Clarke opened his third budget by declaring that the UK economy had now been growing for almost four years, with an additional half a million jobs created since the recession at the beginning of the 1990s and the UK having more of its people in employment than any other country with in the European Union. The International Monetary Fund was forecasting Britain would be joint top with Germany for growth among the G7 nations, and inflation was at its lowest for 50 years and on target to reach 2.5% by the end of the current parliament. The economy had grown by 4% in 1994–95, and was forecast to grow by 2.75% for 1995–96 and 3% for 1996–97. It was also unaffected by the world economic slowdown that had occurred during 1995. Manufacturing had grown by 12% over the past year, and consumer spending was also expected to grow. The public sector borrowing requirement was forecast to be £29bn[a] for 1995–96, £7bn[b] less than had been predicted in the 1994 budget, and £16bn[c] less than forecast in the budget of November 1993. On government plans to reduce public spending to 40% of national income, Clarke said that it stood at 42% for the present year, and was on course to reach the government's target by 1997–98; £53bn[d] had been taken out of public spending since Clarke had become chancellor.[2]
With the prospect of a general election in the not too distant future, pressure was mounting on the chancellor to deliver a budget that would please potential Conservative voters. Some MPs from the right of the party were calling for him to implement tax cuts, while at the same time public services were coming under financial pressure. Clarke ultimately delivered a budget that he described as "sensible" in which he increased spending on health, education and policing, while also cutting the basic rate of income tax by 1p and raised the 20p lower-rate band by £700, meaning that 6 million taxpayers would only pay tax at the 20p rate.
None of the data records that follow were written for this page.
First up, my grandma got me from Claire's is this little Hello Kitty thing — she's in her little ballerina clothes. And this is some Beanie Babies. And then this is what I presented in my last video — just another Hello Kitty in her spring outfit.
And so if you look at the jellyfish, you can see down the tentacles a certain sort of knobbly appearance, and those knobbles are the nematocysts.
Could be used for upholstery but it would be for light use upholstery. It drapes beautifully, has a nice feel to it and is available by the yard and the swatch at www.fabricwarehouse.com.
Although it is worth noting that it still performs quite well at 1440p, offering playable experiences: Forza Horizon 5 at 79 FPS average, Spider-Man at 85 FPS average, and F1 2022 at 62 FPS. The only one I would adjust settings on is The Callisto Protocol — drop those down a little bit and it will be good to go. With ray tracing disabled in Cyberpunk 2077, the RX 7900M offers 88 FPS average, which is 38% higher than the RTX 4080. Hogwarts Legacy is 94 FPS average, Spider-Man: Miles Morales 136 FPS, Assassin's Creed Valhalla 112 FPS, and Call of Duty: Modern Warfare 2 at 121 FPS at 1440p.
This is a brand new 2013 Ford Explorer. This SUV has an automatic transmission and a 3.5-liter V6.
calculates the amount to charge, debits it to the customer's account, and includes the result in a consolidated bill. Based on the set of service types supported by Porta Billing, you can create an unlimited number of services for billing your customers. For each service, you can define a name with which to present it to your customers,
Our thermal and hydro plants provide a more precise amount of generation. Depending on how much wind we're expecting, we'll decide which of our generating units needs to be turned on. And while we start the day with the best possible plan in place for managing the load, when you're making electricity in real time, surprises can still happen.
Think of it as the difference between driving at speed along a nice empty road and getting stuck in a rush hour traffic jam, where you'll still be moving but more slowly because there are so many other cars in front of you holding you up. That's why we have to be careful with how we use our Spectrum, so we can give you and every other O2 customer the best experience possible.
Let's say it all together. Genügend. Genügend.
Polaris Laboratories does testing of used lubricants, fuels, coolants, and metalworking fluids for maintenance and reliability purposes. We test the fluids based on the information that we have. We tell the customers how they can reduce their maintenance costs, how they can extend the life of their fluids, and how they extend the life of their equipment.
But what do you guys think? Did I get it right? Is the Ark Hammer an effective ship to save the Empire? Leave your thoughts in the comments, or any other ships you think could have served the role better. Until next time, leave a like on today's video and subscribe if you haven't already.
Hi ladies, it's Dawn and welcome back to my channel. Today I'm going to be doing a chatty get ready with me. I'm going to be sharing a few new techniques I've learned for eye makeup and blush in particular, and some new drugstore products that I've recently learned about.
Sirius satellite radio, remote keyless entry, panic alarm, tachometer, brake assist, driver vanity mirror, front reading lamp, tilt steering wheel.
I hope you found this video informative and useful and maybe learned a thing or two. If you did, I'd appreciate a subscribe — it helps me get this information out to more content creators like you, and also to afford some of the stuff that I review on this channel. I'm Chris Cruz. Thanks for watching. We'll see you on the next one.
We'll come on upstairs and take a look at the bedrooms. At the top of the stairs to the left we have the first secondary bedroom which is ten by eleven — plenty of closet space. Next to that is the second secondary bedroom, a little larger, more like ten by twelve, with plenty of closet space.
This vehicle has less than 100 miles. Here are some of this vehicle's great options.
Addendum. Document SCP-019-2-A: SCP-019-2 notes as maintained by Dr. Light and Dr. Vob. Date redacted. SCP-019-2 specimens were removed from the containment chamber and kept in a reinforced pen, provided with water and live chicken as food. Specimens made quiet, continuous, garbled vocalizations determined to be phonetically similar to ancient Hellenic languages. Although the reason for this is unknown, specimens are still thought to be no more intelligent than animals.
He told the House he did not want to "do a Budget just for the next day's headlines", while saying of the increase in spending for public services, "I think people wanted me to spend more money on hospitals, more money on schools, more money on the police service".[1][3][4]
Clarke said that spending on the National Health Service had increased by 70% in real terms since the Conservatives came to power in 1979, and made similar claims for spending on education and policing. Spending on health would increase by £1bn[e] for 1996–97, while an extra £650m[f] would be reinvested into patient care from savings made in the health service. An additional £700m[g] would also be invested as a result of the Private finance initiative. Education would receive an additional £830m[h] during the next financial year, while there would be funding for an extra 5,000 police officers over the coming three years. This would partly be paid for through a 12% savings made at Whitehall, as well as an annual £5bn[i] saving in the Social Security bill as a result of changes to benefits for asylum seekers, lone parents, and savings as a result of tackling benefit fraud.[2]
Finally, the Private Finance Initiative was said to be worth £2bn[j] a year, and it was expected that the government would have agreed £14bn[k] of contracts by 1998–99.[2]
Tony Blair, the leader of the Opposition, described the budget as a "flop" and claimed people would be worse off: ""One of the reasons that it flopped is that people realise that they are still £67-a-year worse off and they realise also that the Budget has done nothing to address the long term needs of the economy."[3] His Shadow Chancellor, Gordon Brown, described it as "the 7p up, 1p down budget".[4]
The Guardian has noted that those on the right of the Conservative Party objected to his moderate tax cuts and increase in public spending.[4]